* [Exercise]
Reproduce the complete listing without any deviation.

===============

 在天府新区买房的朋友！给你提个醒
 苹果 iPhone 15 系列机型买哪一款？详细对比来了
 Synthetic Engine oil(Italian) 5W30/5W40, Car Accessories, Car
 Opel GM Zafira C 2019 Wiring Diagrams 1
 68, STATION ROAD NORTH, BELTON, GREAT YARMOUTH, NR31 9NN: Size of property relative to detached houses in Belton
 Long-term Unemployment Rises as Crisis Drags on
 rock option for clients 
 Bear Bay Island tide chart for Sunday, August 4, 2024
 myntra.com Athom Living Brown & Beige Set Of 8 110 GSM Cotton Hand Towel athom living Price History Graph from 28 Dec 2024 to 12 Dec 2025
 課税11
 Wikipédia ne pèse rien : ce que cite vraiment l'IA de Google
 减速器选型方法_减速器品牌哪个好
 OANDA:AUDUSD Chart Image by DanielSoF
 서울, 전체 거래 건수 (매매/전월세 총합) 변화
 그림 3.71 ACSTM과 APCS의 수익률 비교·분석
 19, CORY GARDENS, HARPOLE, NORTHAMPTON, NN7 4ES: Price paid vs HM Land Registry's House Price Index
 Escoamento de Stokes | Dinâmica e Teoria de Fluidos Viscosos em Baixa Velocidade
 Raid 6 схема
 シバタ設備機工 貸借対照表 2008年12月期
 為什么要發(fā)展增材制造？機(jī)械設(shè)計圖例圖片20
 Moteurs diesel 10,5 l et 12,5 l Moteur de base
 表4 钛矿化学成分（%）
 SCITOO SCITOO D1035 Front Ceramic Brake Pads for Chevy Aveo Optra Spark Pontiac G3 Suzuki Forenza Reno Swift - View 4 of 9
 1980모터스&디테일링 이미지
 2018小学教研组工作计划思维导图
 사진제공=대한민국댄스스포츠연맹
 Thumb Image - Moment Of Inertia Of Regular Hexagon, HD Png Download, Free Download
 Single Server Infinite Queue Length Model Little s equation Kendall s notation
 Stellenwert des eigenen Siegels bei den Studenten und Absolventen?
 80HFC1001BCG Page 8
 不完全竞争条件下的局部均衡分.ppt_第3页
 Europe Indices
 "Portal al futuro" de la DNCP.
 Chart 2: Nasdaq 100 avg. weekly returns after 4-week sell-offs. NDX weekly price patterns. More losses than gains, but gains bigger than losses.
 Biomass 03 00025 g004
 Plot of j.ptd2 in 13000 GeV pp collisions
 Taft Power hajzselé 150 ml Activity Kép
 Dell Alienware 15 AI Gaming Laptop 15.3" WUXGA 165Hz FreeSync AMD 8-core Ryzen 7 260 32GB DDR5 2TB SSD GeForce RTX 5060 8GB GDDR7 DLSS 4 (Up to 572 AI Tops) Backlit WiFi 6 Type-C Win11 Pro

===============

* [Your response]
 在天府新区买房的朋友！给你提个醒
 苹果 iPhone 15 系列机型买哪一款？详细对比来了
 Synthetic Engine oil(Italian) 5W30/5W40, Car Accessories, Car
 Opel GM Zafira C 2019 Wiring Diagrams 1
 68, STATION ROAD NORTH, BELTON, GREAT YARMOUTH, NR31 9NN: Size of property relative to detached houses in Belton
 Long-term Unemployment Rises as Crisis Drags on
 rock option for clients 
 Bear Bay Island tide chart for Sunday, August 4, 2024
 myntra.com Athom Living Brown & Beige Set Of 8 110 GSM Cotton Hand Towel athom living Price History Graph from 28 Dec 2024 to 12 Dec 2025
 課税11
 Wikipédia ne pèse rien : ce que cite vraiment l'IA de Google
 减速器选型方法_减速器品牌哪个好
 OANDA:AUDUSD Chart Image by DanielSoF
 서울, 전체 거래 건수 (매매/전월세 총합) 변화
 그림 3.71 ACSTM과 APCS의 수익률 비교·분석
 19, CORY GARDENS, HARPOLE, NORTHAMPTON, NN7 4ES: Price paid vs HM Land Registry's House Price Index
 Escoamento de Stokes | Dinâmica e Teoria de Fluidos Viscosos em Baixa Velocidade
 Raid 6 схема
 シバタ設備機工 貸借対照表 2008年12月期
 為什么要發(fā)展增材制造？機(jī)械設(shè)計圖例圖片20
 Moteurs diesel 10,5 l et 12,5 l Moteur de base
 表4 钛矿化学成分（%）
 SCITOO SCITOO D1035 Front Ceramic Brake Pads for Chevy Aveo Optra Spark Pontiac G3 Suzuki Forenza Reno Swift - View 4 of 9
 1980모터스&디테일링 이미지
 2018小学教研组工作计划思维导图
 사진제공=대한민국댄스스포츠연맹
 Thumb Image - Moment Of Inertia Of Regular Hexagon, HD Png Download, Free Download
 Single Server Infinite Queue Length Model Little s equation Kendall s notation
 Stellenwert des eigenen Siegels bei den Studenten und Absolventen?
 80HFC1001BCG Page 8
 不完全竞争条件下的局部均衡分.ppt_第3页
 Europe Indices
 "Portal al futuro" de la DNCP.
 Chart 2: Nasdaq 100 avg. weekly returns after 4-week sell-offs. NDX weekly price patterns. More losses than gains, but gains bigger than losses.
 Biomass 03 00025 g004
 Plot of j.ptd2 in 13000 GeV pp collisions
 Taft Power hajzselé 150 ml Activity Kép
 Dell Alienware 15 AI Gaming Laptop 15.3" WUXGA 165Hz FreeSync AMD 8-core Ryzen 7 260 32GB DDR5 2TB SSD GeForce RTX 5060 8GB GDDR7 DLSS 4 (Up to 572 AI Tops) Backlit WiFi 6 Type-C Win11 Pro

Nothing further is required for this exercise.